## Source data
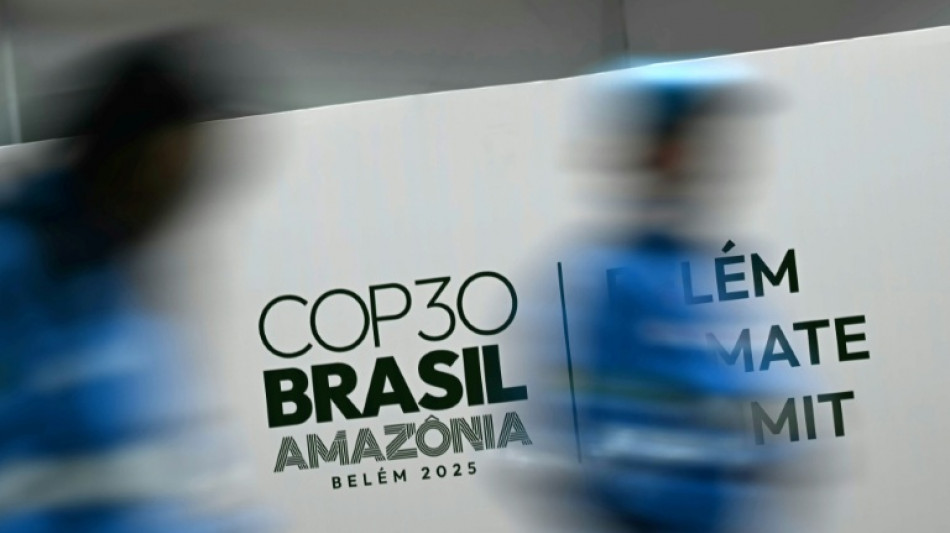 What did countries agree to at COP30?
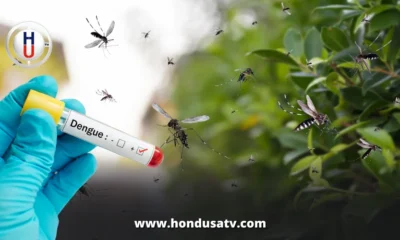 En aumento casos de dengue en el litoral Atlántico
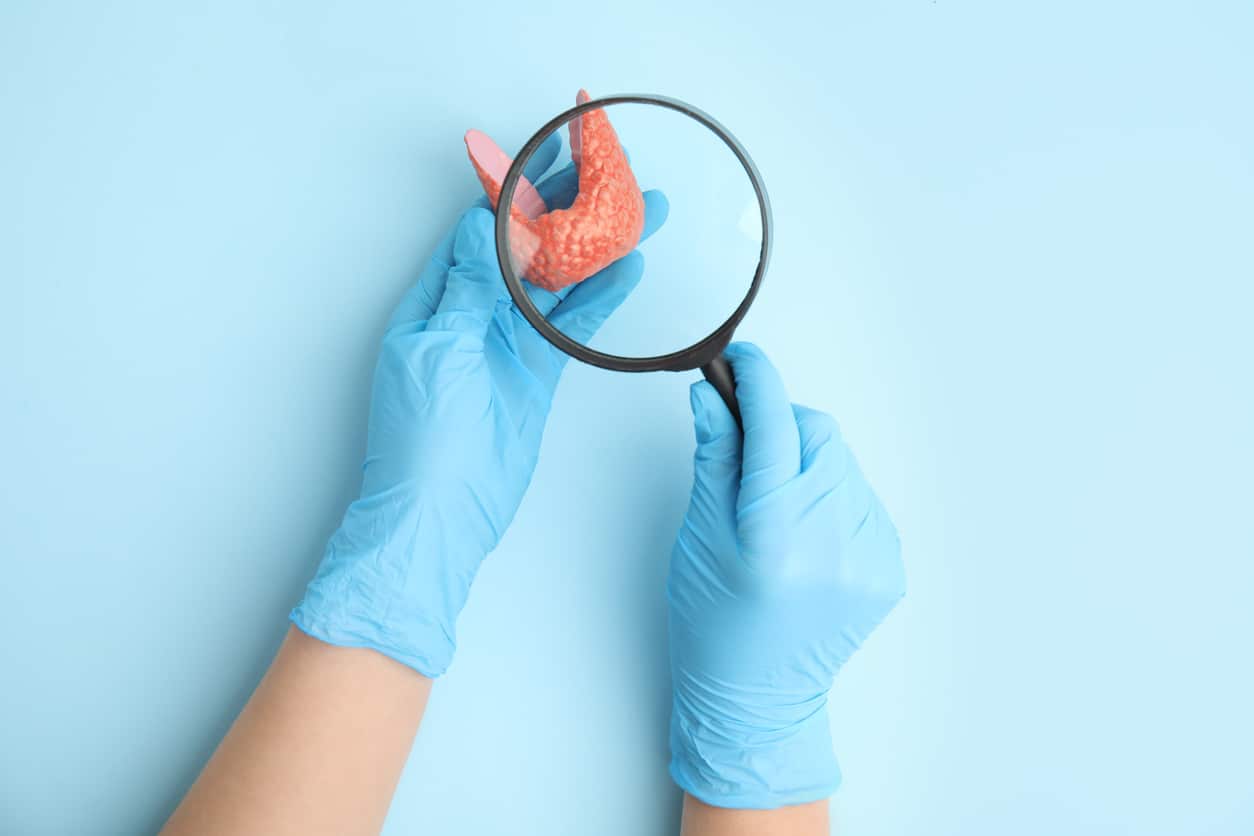 doctor looking through magnifying glass at plastic model of healthy thyroid on light blue background, top view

## Task to complete
What you produce must match the listing word for word, with no images in it.

## Result for this exercise
 What did countries agree to at COP30?
 En aumento casos de dengue en el litoral Atlántico
 doctor looking through magnifying glass at plastic model of healthy thyroid on light blue background, top view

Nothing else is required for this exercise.